● **Action item**: Using the listing below, give again exactly the lines from the line with "Maize College Football" to the line with "STANLEY FMMT17218-0 chrome", inclusive, without the pictures.

● **Source data**:
[Start of Attachment]
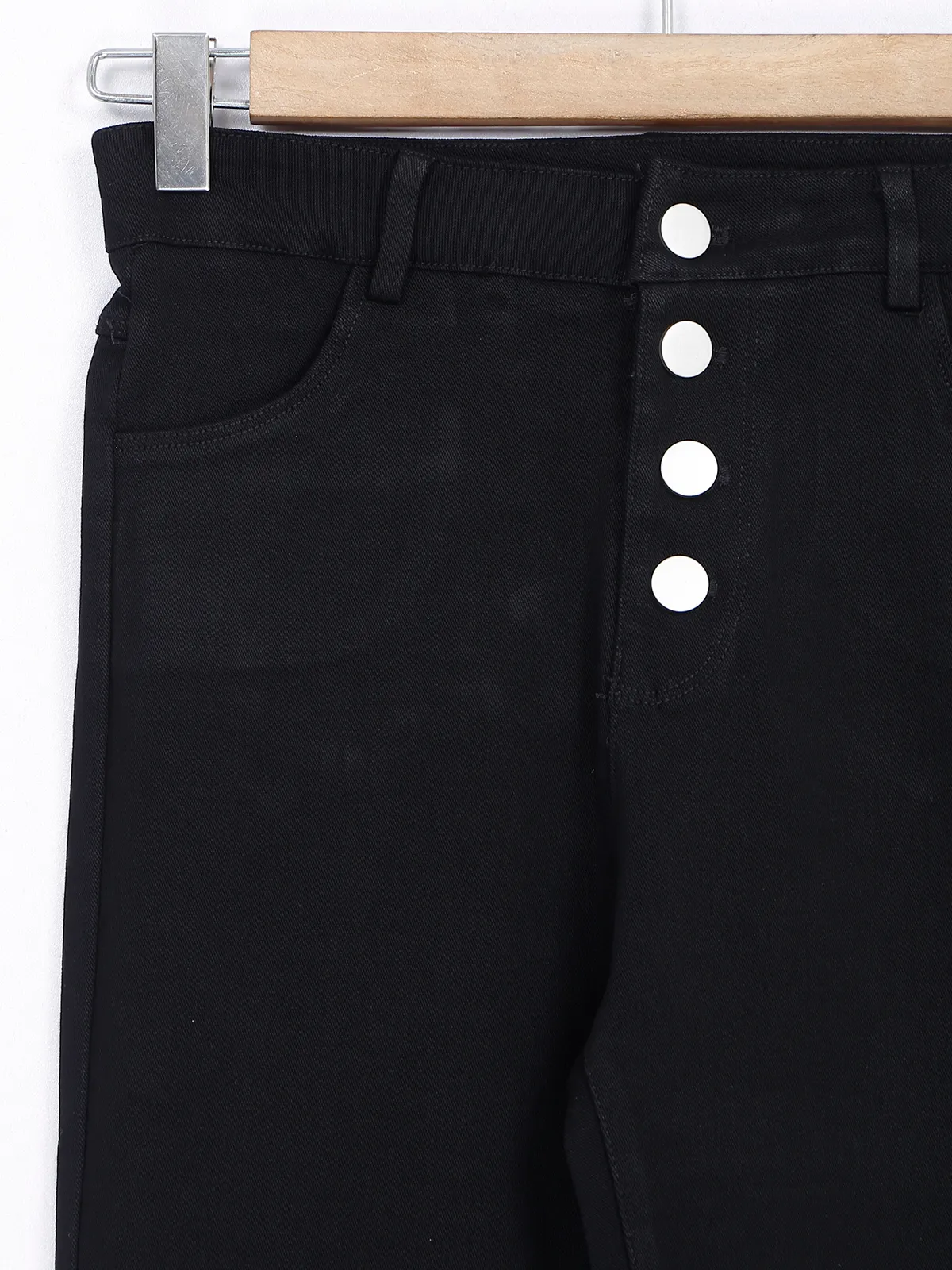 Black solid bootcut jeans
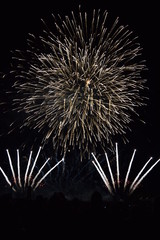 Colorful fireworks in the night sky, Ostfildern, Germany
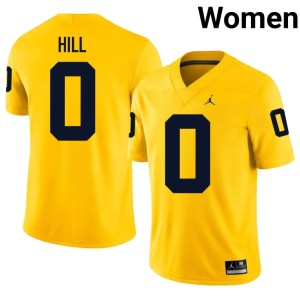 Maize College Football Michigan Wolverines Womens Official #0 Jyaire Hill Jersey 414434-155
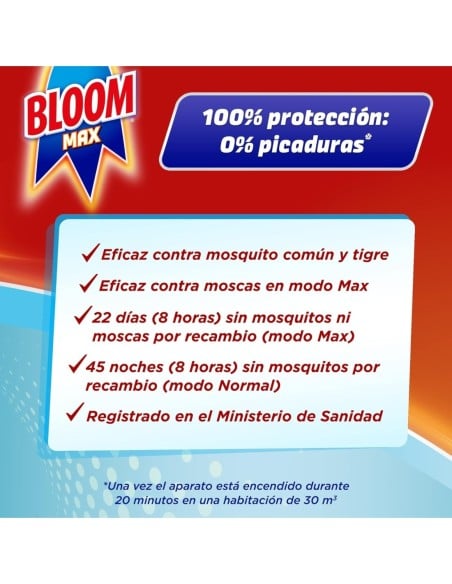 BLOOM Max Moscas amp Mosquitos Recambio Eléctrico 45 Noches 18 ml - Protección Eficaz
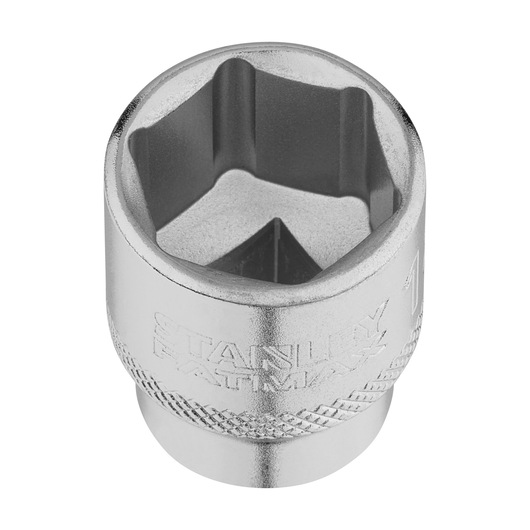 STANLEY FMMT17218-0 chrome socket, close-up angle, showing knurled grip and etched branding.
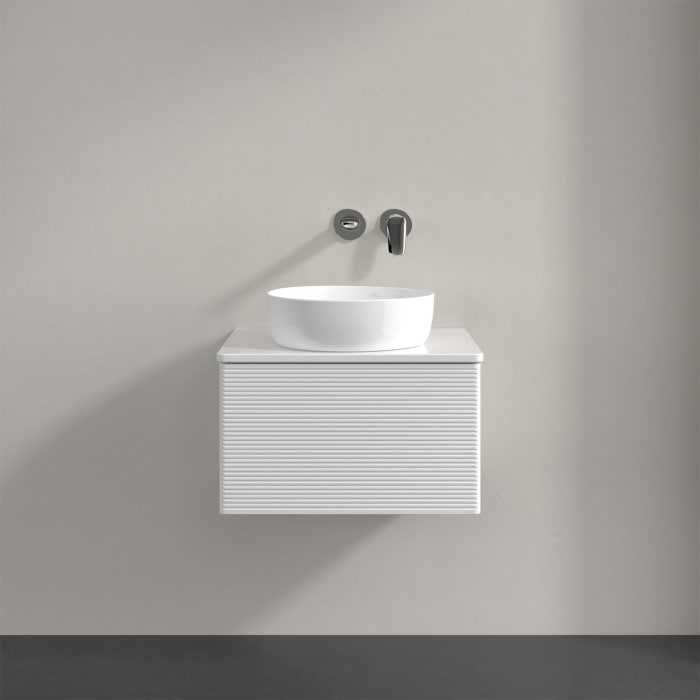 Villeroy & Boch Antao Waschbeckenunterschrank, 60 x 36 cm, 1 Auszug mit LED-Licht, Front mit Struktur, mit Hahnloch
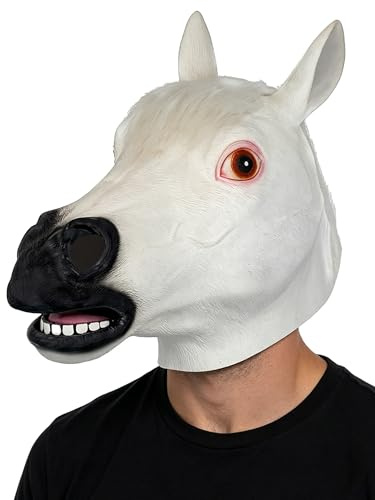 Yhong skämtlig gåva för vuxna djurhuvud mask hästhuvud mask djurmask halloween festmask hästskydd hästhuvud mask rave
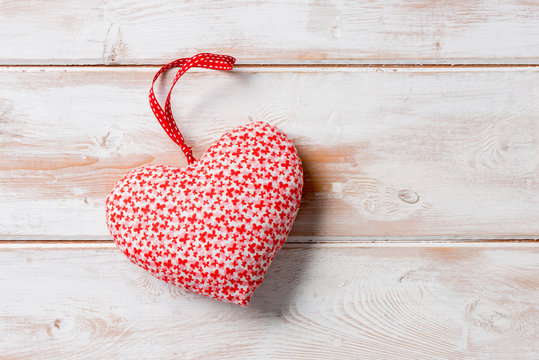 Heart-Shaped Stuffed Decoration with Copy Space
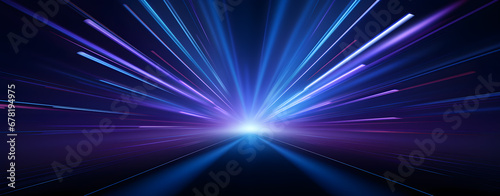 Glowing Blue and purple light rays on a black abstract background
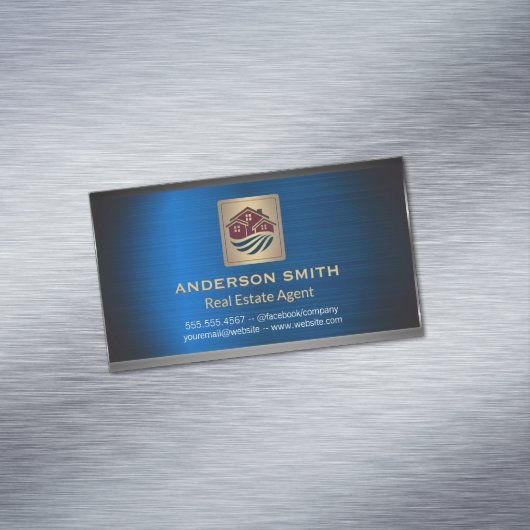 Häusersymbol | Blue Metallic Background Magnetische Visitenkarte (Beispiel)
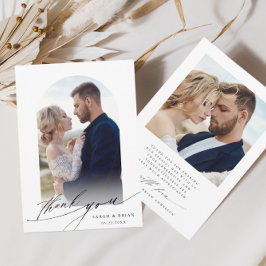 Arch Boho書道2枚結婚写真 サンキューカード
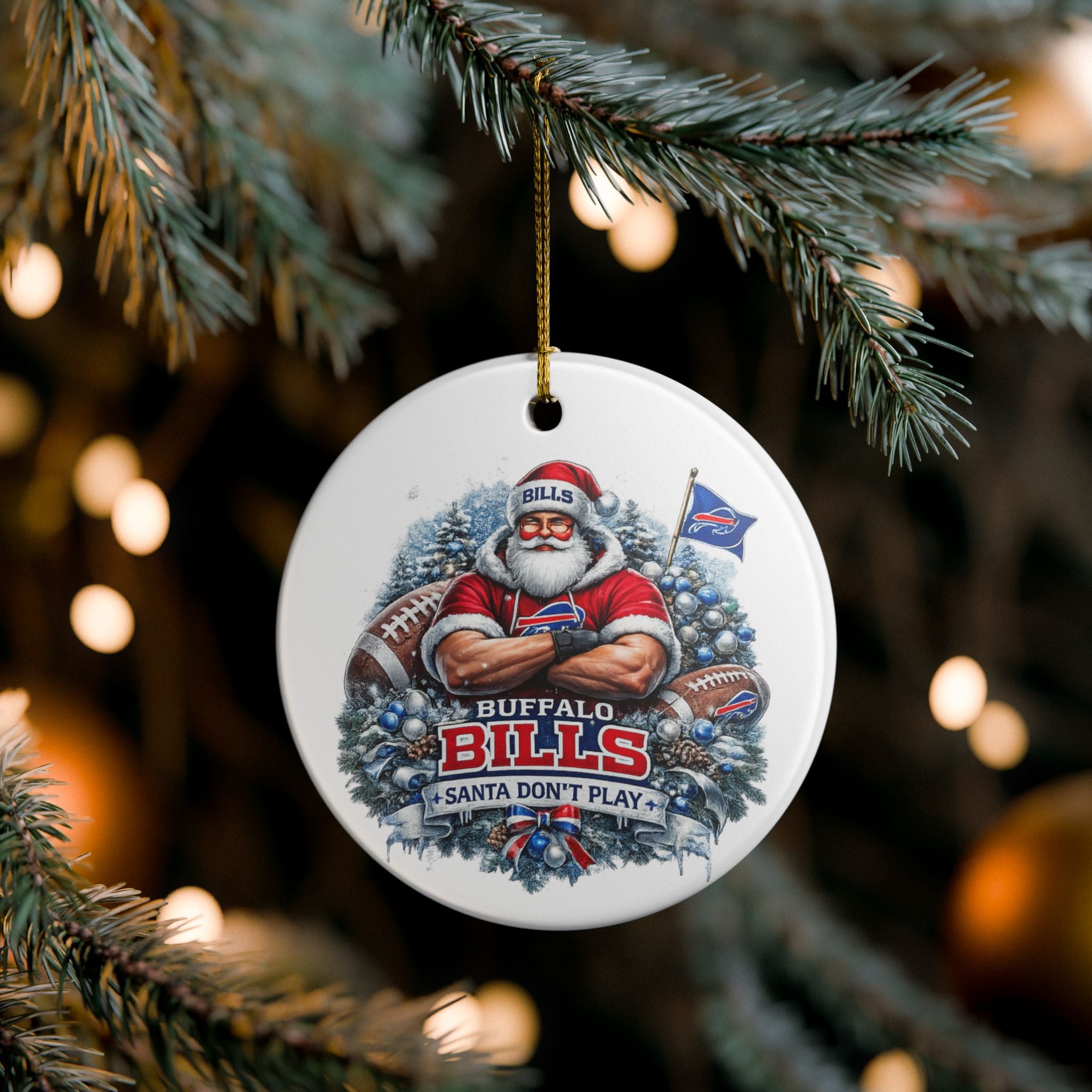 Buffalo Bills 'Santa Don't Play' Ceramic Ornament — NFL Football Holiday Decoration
[End of Attachment]
● **Worked solution**:
 Maize College Football Michigan Wolverines Womens Official #0 Jyaire Hill Jersey 414434-155
 BLOOM Max Moscas amp Mosquitos Recambio Eléctrico 45 Noches 18 ml - Protección Eficaz
 STANLEY FMMT17218-0 chrome socket, close-up angle, showing knurled grip and etched branding.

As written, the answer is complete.